As CIOs work through the thorny issues involved in consolidating IT hardware and personnel, another challenge appears on the horizon: dealing with the “application bloat” that has built up within agencies over the years.
In 2009, Massachusetts Gov. Deval Patrick issued an executive order to consolidate all executive IT operations. Curtis Wood, CIO of the Executive Office of Public Safety and Security (EOPSS), is charged with combining the IT programs and staff of 14 different agencies ranging from the Parole Board to fire services to emergency management.

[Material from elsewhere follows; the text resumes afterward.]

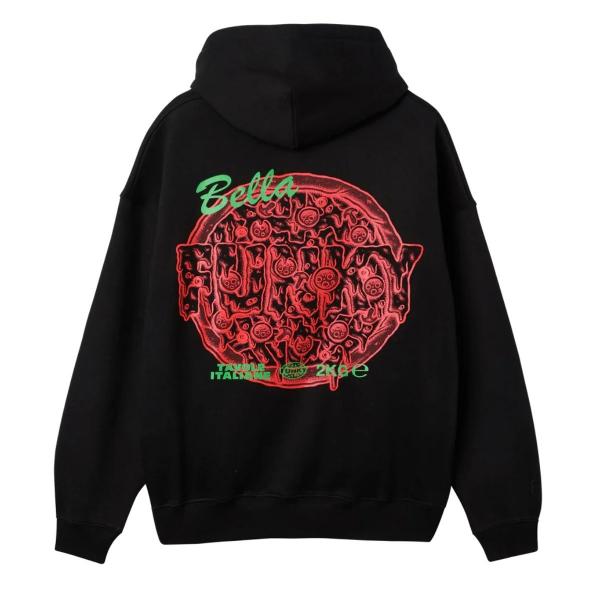 FUNKY PIZZA HOODIE BLACK FELPA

As Wood surveyed the applications in use, he saw plenty of opportunities for streamlining and cost savings. “Why have 14 different inventory asset management or fleet management applications?” he asked. “In the e-learning arena, we have many different applications in use in the agencies — or in some cases, none at all. We think we can save money and provide a consistent platform.”
After several months of planning work with agency stakeholders, Wood’s application consolidation team is doing an inventory of all applications and determining where to host them. The enterprise applications, those that are statewide or public-facing, are being shifted to the public safety data center. “We are already realizing cost savings on licensing and physical support,” he said. “We are reducing maintenance costs while increasing security and temperature control.” The team has also worked with Oracle and Microsoft on licensing flexibility. (A public dashboard wiki for the EOPSS IT consolidation project is available at http://tinyurl.com/EOPSSdashboard.)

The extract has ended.